The Incense Altar is at the center of the Tent of Meeting, in front of the Ark of the Covenant, upon which the Glory of Hashem is revealed. If so, it would appear that the role of the perpetually burning Altar, where offerings are made daily ­– once in the morning and once again, in the evening – is to serve as a screen between the spot where the Divine Presence is revealed, and the opening to the Tabernacle, which the Israelites face, so that they don’t stand in front of the Glory of Hashem unprotected. We can use this information to understand the text concerning the positioning of the Incense Altar: “And you shall place it in front of the dividing curtain, which is upon the Ark of Testimony, in front of the Ark Cover, which is upon the testimony, where I will arrange to meet with you.” (Exodus 30:6). The incense is burned in front of the covering of the Ark – the very spot that Hashem met with Moses.

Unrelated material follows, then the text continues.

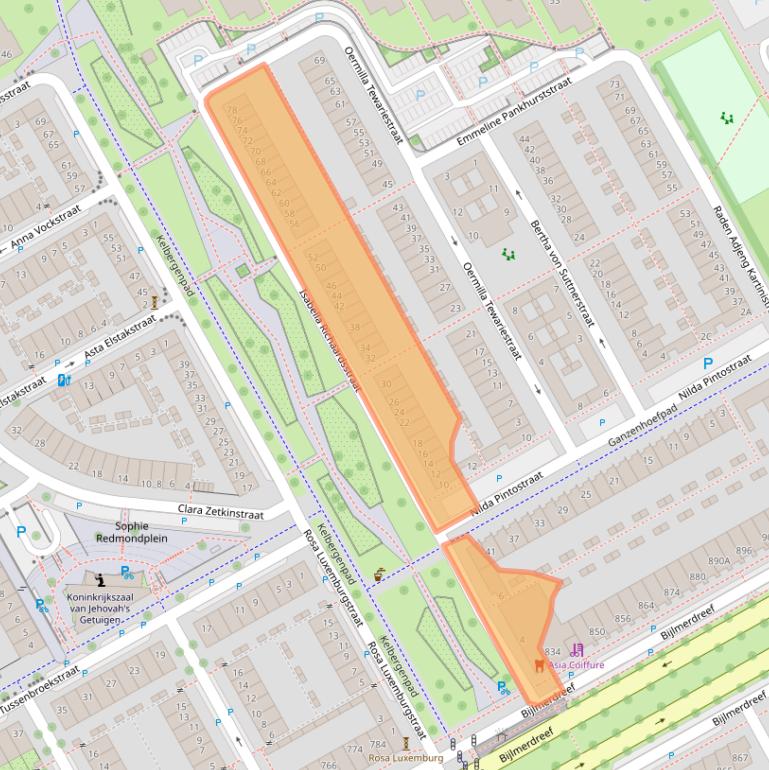 Kaart van postcodegebied 1103MA.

After the events at Mount Sinai, the Glory of Hashem dwelled on the mountain, and Hashem commands Moses to take measures to transfer the Divine Presence from the mountain into the midst of the Israelites: “Now see and make according to their pattern, which you are shown on the mountain.” (Exodus 25:40). This means that Moses saw the Heavenly Tabernacle when he was on the mountain, and he was to replicate that altar, building a similar one that would be located amongst the Israelites. The vessels of the Tabernacle are in this Heavenly Tabernacle, and these are the instruments used to cause Hashem’s glory to dwell there. However, in this Heavenly Tabernacle, there is no need or space for an Incense Altar, which is designed to act as a screen between the Israelites and the Divine Presence, and not to cause the Divine Presence to dwell in the camp. This is why the commandment concerning the Incense Altar does not appear among the body of commandments concerning the construction of the Tabernacle. It appears only after the commandment to construct the Tabernacle and the presentation of the final product are completed: “…there I will arrange meetings with the children of Israel, and it will be sanctified by My glory. And I shall dwell amongst the children of Israel” (Exodus 29, 43-45). The final product required an Incense Altar to protect the nation, and so it is at this point that the Torah issues the command regarding its construction.

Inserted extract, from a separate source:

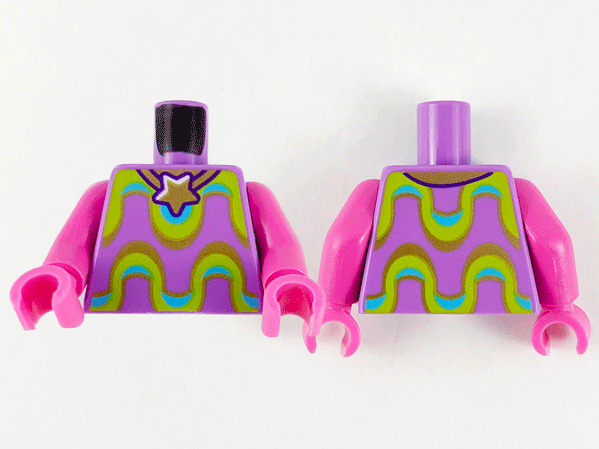 Lego Torso Gold Star Necklace, Lime, Medium Azure and Gold Wavy Stripes Pattern / Dark Pink Arms / Dark Pink Hands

The knowledge that Hashem dwells amongst the Israelites is uplifting for the nation, and it forces the people to adapt its ways and habits in a way that befits this status. However, the nation must also remember that while Hashem “dwells among them in their impurity” (Leviticus 16:16), the result is that “an outsider who approaches shall die” (Numbers 18:7). On the one hand, the Incense Altar allows the Divine Presence to dwell among Israel. On the other hand, it reminds the nation of the caution that must be taken when this Divine Presence is in their midst, “lest they break their formation to go nearer to Hashem, to see, and many of them will fall…” (Exodus 19:21).